[[ Records to process open ]]
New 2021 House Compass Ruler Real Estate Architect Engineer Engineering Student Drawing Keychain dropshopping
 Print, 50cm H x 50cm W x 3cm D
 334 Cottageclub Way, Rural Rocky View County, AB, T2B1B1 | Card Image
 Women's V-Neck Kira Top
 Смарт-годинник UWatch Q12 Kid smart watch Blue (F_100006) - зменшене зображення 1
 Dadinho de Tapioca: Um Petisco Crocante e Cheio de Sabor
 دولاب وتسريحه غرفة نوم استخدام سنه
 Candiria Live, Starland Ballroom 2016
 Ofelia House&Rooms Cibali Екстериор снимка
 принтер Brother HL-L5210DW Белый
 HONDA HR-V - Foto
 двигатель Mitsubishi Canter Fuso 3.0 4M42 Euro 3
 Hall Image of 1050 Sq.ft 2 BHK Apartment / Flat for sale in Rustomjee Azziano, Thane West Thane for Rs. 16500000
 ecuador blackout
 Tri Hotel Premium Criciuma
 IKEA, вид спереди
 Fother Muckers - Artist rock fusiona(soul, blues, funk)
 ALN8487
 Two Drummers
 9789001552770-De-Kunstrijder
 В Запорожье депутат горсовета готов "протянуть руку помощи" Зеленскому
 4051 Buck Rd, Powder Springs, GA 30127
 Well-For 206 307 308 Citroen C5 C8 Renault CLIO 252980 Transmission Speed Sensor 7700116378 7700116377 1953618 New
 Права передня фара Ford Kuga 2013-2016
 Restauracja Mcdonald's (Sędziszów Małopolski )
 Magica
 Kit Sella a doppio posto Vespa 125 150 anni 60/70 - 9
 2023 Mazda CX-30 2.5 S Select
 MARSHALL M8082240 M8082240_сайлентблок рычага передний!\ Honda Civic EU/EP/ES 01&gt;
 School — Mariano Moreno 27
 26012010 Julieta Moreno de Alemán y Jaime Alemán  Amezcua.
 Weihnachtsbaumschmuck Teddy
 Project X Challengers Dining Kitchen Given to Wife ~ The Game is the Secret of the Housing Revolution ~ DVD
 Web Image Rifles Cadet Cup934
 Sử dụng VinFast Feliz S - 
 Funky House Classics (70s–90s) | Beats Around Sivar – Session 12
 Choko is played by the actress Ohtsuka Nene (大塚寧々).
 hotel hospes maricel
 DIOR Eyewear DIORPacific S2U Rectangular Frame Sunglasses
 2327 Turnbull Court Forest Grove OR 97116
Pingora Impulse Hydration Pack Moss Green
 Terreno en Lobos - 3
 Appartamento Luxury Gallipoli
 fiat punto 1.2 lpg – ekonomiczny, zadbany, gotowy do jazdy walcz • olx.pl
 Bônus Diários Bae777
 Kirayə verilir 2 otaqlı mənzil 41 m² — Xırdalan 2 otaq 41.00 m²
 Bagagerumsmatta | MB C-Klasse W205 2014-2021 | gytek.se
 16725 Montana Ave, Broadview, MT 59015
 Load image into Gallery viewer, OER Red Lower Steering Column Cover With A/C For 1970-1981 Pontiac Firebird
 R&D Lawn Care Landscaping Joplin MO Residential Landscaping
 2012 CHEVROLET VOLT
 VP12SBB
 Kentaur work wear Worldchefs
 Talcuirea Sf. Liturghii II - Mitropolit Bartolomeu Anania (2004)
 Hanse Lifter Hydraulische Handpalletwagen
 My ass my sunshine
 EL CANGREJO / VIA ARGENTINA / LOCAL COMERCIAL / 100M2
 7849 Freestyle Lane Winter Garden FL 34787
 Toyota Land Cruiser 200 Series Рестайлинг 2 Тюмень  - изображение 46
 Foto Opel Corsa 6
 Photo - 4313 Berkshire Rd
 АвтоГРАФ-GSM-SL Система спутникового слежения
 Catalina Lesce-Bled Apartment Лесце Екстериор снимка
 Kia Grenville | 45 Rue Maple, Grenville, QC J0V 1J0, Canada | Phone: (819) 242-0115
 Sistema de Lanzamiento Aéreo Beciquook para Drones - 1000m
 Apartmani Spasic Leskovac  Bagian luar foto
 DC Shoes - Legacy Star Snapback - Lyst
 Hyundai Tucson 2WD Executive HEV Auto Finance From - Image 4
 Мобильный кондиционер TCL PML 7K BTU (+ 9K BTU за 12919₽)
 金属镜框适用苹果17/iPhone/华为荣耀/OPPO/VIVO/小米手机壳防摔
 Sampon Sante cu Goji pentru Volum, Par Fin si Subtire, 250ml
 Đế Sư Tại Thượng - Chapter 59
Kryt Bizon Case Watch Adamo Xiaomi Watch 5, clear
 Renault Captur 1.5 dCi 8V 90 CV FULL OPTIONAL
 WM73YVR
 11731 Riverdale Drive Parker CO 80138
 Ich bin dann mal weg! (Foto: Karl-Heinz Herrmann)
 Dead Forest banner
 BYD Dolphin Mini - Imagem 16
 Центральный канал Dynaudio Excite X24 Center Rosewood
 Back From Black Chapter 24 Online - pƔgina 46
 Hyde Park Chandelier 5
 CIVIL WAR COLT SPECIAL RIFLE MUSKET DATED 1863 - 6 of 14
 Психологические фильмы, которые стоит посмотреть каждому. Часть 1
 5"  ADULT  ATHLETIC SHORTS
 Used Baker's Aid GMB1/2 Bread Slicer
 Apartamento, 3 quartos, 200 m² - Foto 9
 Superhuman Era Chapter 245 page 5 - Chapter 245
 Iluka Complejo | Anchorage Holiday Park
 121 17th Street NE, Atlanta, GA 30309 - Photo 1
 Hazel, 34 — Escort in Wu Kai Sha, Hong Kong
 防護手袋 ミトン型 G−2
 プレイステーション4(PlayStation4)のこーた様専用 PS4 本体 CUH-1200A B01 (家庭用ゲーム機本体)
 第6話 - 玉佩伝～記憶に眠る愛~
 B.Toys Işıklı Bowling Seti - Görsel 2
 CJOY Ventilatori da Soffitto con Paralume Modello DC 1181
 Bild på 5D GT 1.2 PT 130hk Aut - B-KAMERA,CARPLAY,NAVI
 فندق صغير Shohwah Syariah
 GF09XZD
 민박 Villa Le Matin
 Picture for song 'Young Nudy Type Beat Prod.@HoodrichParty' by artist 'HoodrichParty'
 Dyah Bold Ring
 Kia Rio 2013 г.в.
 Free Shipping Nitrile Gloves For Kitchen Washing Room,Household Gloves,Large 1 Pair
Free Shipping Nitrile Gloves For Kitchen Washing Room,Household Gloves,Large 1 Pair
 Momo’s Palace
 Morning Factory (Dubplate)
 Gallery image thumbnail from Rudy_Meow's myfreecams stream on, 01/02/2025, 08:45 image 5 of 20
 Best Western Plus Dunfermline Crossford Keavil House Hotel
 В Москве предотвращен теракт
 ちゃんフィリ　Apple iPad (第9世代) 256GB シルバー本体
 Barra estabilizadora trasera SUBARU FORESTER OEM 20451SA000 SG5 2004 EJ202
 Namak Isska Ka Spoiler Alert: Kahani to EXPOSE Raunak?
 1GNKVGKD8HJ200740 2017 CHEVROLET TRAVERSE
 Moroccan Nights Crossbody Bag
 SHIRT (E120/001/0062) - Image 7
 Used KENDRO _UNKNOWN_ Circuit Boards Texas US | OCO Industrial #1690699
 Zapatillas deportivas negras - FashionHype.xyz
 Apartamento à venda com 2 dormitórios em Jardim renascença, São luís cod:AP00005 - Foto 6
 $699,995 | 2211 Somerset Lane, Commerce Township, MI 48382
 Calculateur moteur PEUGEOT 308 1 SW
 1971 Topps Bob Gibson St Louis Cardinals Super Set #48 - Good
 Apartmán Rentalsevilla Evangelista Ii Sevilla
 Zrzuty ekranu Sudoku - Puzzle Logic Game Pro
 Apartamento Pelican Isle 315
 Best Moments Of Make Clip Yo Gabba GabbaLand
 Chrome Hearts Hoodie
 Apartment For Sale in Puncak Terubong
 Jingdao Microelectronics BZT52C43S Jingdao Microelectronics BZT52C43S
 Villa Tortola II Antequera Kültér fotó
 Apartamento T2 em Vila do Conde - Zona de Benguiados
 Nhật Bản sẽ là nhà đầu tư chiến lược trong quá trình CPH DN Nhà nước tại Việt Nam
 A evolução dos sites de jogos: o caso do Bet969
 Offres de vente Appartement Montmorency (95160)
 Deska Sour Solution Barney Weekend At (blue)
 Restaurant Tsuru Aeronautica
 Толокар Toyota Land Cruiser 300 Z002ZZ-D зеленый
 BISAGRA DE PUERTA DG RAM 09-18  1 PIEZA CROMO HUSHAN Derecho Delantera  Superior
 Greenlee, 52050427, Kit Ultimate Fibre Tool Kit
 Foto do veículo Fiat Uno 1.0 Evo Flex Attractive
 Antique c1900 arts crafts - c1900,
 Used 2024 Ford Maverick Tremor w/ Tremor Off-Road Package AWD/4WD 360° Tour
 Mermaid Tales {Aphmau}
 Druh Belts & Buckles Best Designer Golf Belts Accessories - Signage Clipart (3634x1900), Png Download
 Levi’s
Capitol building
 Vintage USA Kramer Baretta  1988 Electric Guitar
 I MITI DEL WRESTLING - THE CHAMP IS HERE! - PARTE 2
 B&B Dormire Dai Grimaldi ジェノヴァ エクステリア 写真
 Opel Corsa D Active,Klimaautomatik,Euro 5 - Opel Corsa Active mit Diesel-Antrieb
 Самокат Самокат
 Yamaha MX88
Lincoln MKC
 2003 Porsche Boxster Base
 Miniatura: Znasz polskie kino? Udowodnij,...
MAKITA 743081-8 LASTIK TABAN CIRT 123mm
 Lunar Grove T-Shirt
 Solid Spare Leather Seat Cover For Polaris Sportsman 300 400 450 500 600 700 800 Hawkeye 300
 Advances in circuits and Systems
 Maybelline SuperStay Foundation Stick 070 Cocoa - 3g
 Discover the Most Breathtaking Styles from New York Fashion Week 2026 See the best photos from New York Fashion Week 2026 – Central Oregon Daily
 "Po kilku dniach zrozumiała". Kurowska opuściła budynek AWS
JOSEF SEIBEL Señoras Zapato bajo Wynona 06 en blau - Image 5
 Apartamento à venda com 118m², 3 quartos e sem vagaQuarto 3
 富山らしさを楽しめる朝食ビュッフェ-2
[[ Records to process closed ]]
### What is required
Copy out only the lines of the records above from the one with "Kentaur work wear Worldchefs" through the one with "Foto Opel Corsa 6", exactly as they stand, both included.

### Answer for this exercise
 Kentaur work wear Worldchefs
 Talcuirea Sf. Liturghii II - Mitropolit Bartolomeu Anania (2004)
 Hanse Lifter Hydraulische Handpalletwagen
 My ass my sunshine
 EL CANGREJO / VIA ARGENTINA / LOCAL COMERCIAL / 100M2
 7849 Freestyle Lane Winter Garden FL 34787
 Toyota Land Cruiser 200 Series Рестайлинг 2 Тюмень  - изображение 46
 Foto Opel Corsa 6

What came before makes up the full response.